Assessing the narrower economic preconditions for an exit is easier. A country would find it hard to stage a unilateral exit from a monetary union if its primary fiscal balance – before payment of interest – was in a substantial deficit.
In its latest spring forecast, published in May, the European Commission estimates a zero primary fiscal balance for this year and a primary surplus of 1.8 per cent of gross domestic product for 2014. From an economic point of view, the point at which Greece could risk an exit is certainly getting closer.
If Greece were to depart, it would be cut off from external funding. It would presumably not service its foreign debt, at least for a while. It would then introduce its own currency during an enforced bank holiday period. There would almost certainly be a recession in the ensuing period, but a real depreciation could bring back growth in the future. The single largest benefit would, at least initially, come through a boom in tourism.
But would this be enough? Can we be sure of it? The biggest economic argument against an exit in the past, quite apart from the funding problem, has been the almost total lack of an upside. The country did not have a functioning system for tax collection. Labour market cartels meant that the perceived benefits from a nominal devaluation may never have come about.
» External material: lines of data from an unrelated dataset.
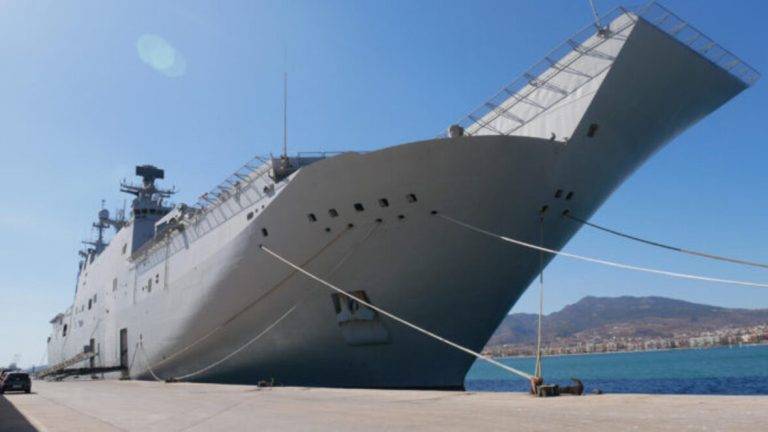 FOTOGRAFÍA. MELILLA (REINO DE ESPAÑA), 06 DE OCTUBRE DE 2024.- El próximo año está marcado en rojo para el portaaeronaves Juan Carlos I (L-61) de la Armada Española. Camino de cumplir dos décadas de historia y a las puertas de una varada para su mejora, el buque insignia de la Armada Española se ha convertido en todo "un éxito comercial" al ser el único diseño de embarcación de este tipo que se ha exportado en el mundo. Efe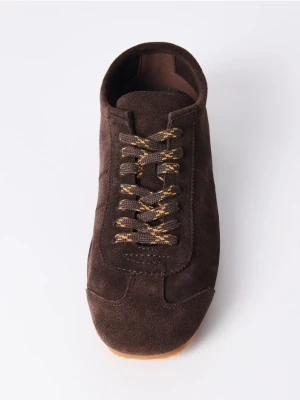 Mohito - Skórzane sneakersy - ciemnobrązowy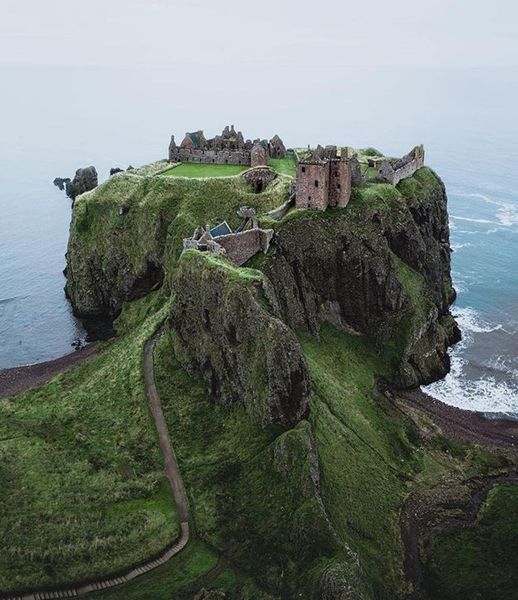 Κάστρο Dunnottar, Σκωτία : @jameslloydcole #YourEarth #earth #castle #place... 1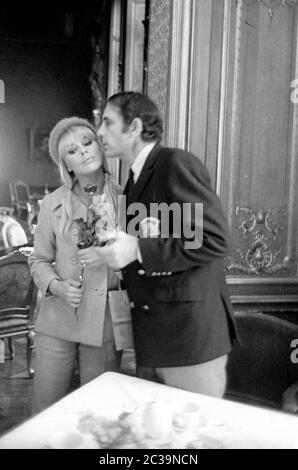 Elke Sommer mit ihrem Mann John Hyams in Berlin. Stockfoto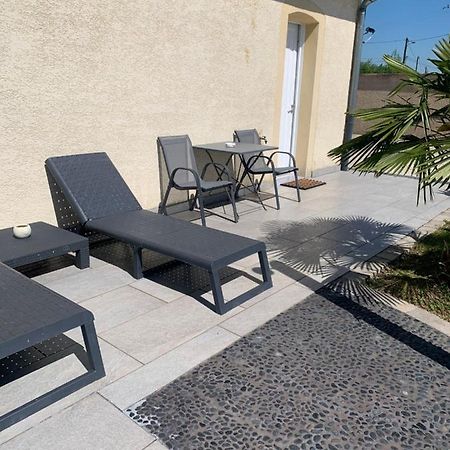 Studio Independant Avec Piscine Et Jardin L'Abergement-Sainte-Colombe Esterno foto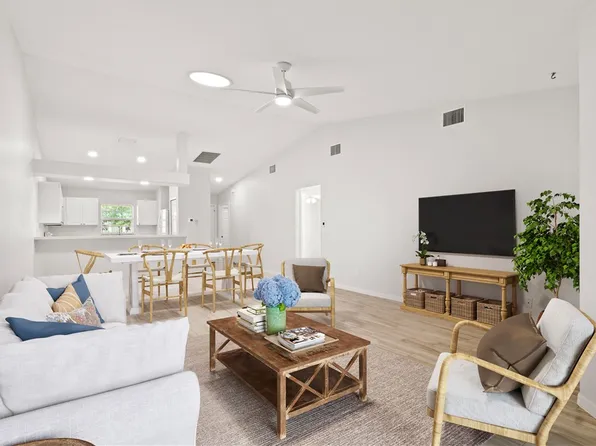 996 S Easy St, Sebastian, FL 32958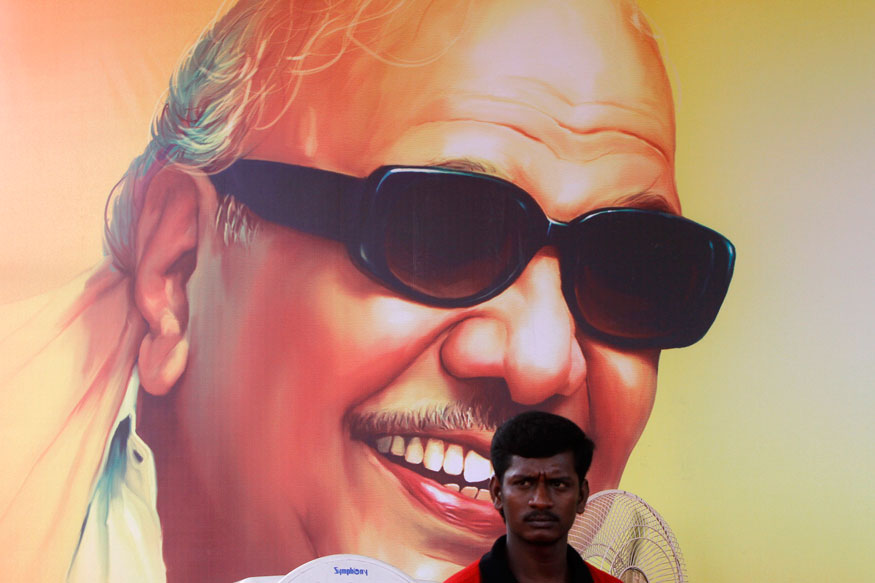  வடக்கின் வளர்ச்சியை தெற்குதான் தீர்மானிக்கும் என்பதை தீர்க்கமாய் நம்பியவர் கலைஞர் என்றால் அது மிகையல்ல. அதிகாலைச் சூரியனுக்கு முன் எழுந்து அந்திசாயும் சூரியனுக்கு பின் தூங்கும் அதிசய சூரியனிடம் இருந்து கற்றுக்கொள்ள வேண்டிய வெற்றியின் ரகசியம் உழைப்பு மட்டுமே.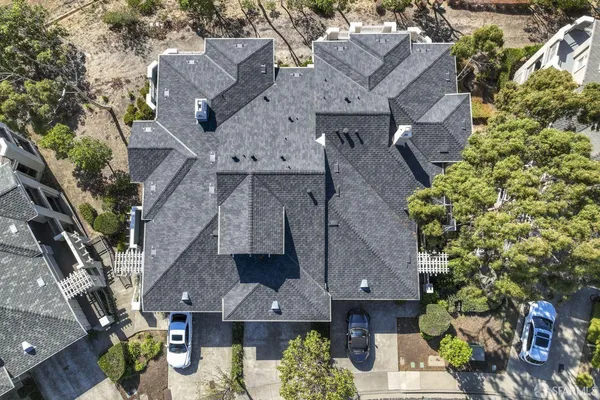 $938,888 | 141 Kestrel Court, Brisbane, CA 94005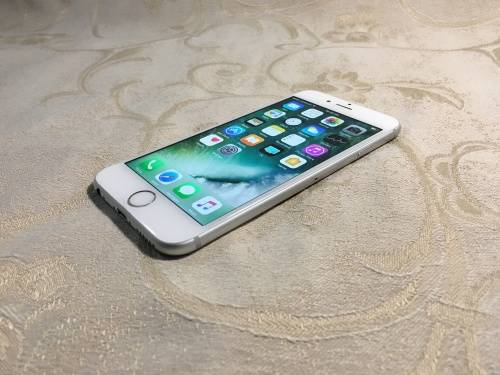Silver IPhone 6S 16GB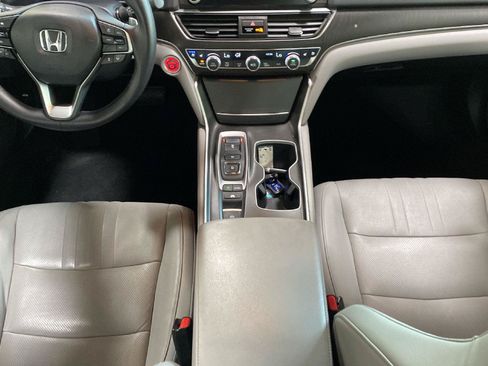 Used 2018 Honda Accord Touring image 22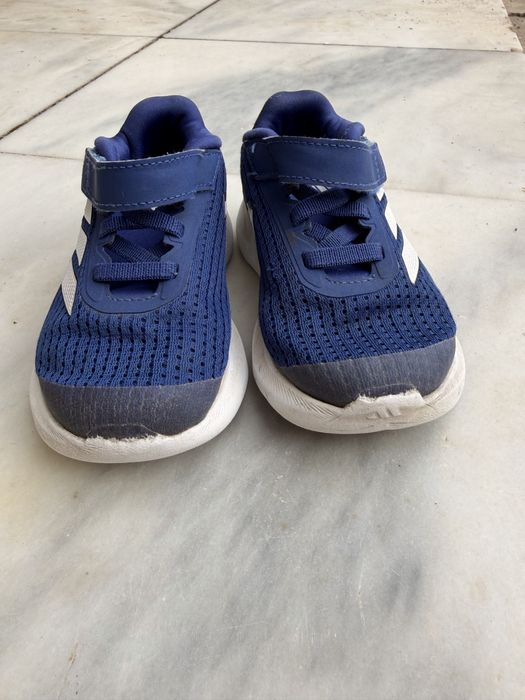 Маратонки Adidas,ползвани със следи от употреба,р-р 24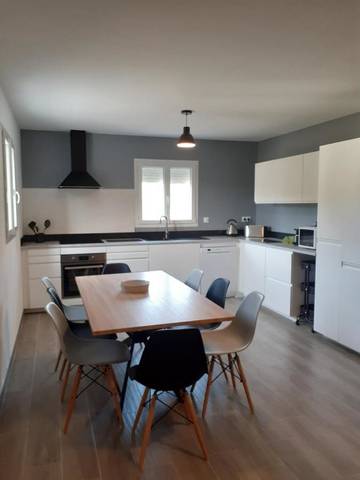 Location de vacances pour 7 personnes, avec jardin et vue à Le Barroux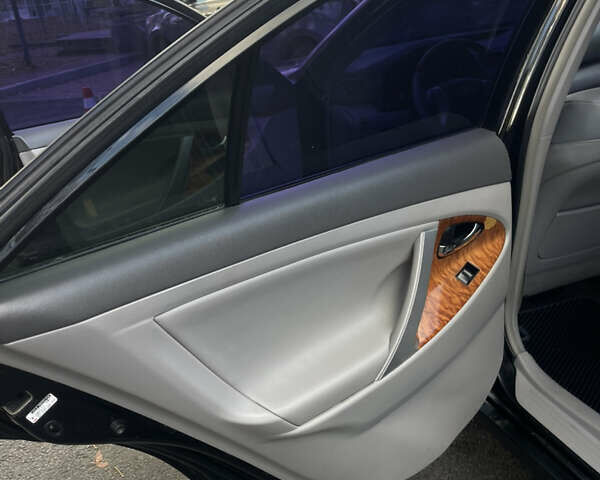 Черный Тойота Камри, объемом двигателя 3.5 л и пробегом 268 тыс. км за 8777 $, фото 8 на Automoto.ua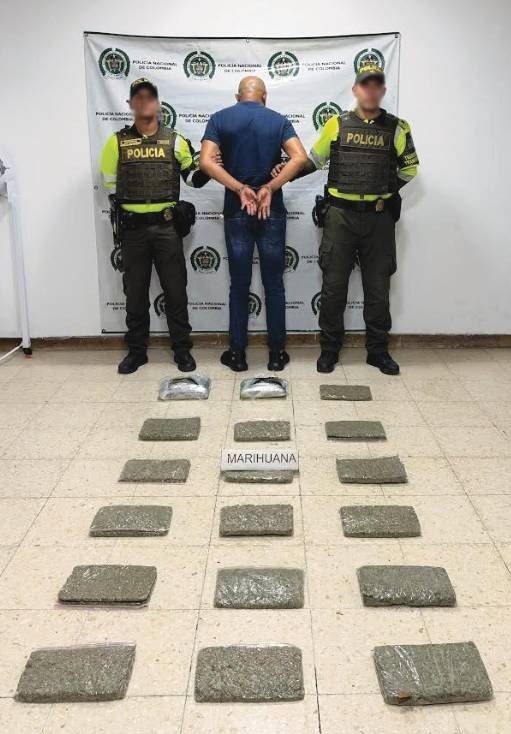Lo pillaron con 10 kilos de marihuana en un bus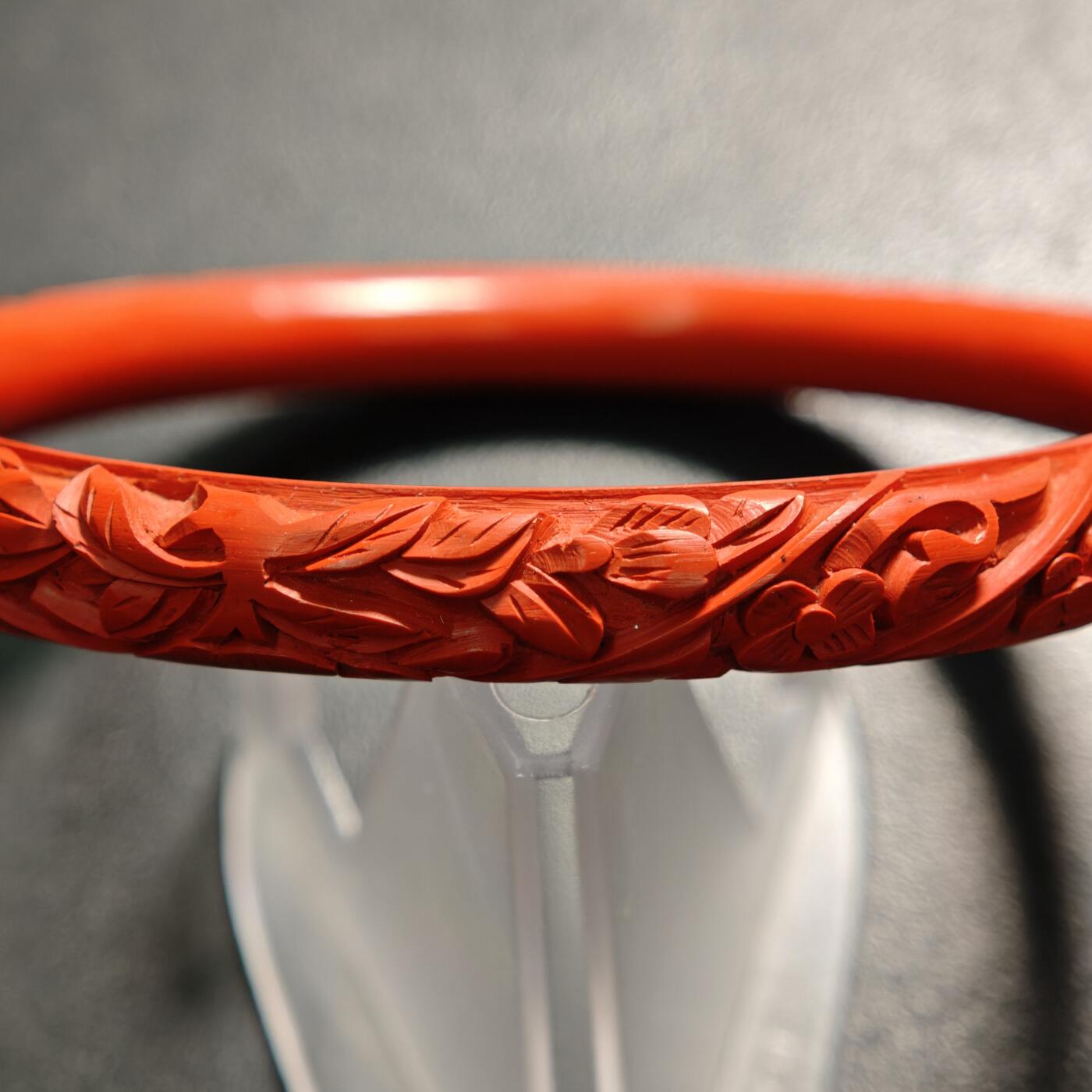 【德藏】世界币章拍卖第160期 漆器手镯 有一处瑕疵 外径约：88mm；内径约：71.5mm；粗约：8.8mm；重约：25.8g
The immediate gain in competitiveness would have been absorbed by wage increases, leaving the real exchange rate unchanged.
So one needs to ask to what extent past and present reforms have altered the robustness of the economy. My hunch is that they have done so, especially in the way the public sector works, but more is probably needed.
My criticism of eurozone policy towards Greece is not the harshness of the adjustment but its fundamental macroeconomic illiteracy. At its heart lies the delusion that Greek debt could be rendered sustainable. But the reforms – and, yes, the austerity as well – were inevitable. There is an irony in this. Reforms and austerity constitute simultaneously a precondition to stay in the eurozone, and a precondition for a departure.
This leaves Greece with two options. The first is to reform and default inside the eurozone – a strategy that requires willing accomplices in other European capitals and in the European Central Bank. The second is to reform and default outside the eurozone – a decision Greece could take unilaterally, provided the macroeconomic conditions are right.
The second has not been possible – until now. But Mr Schäuble’s option of reforming and not defaulting makes sense only from his point of view. It is not an option for Greece.
Of course, the realisation that a departure from the eurozone may be economically feasible, or even advantageous, may count for nothing.
A country may decide to stay inside the eurozone for political or security reasons. But surely we are at a different stage of debate when an exit becomes economically viable.
That has not been the case so far. Not for Greece, nor for any of the other countries in crisis. And when there is real choice, outcomes become harder to predict.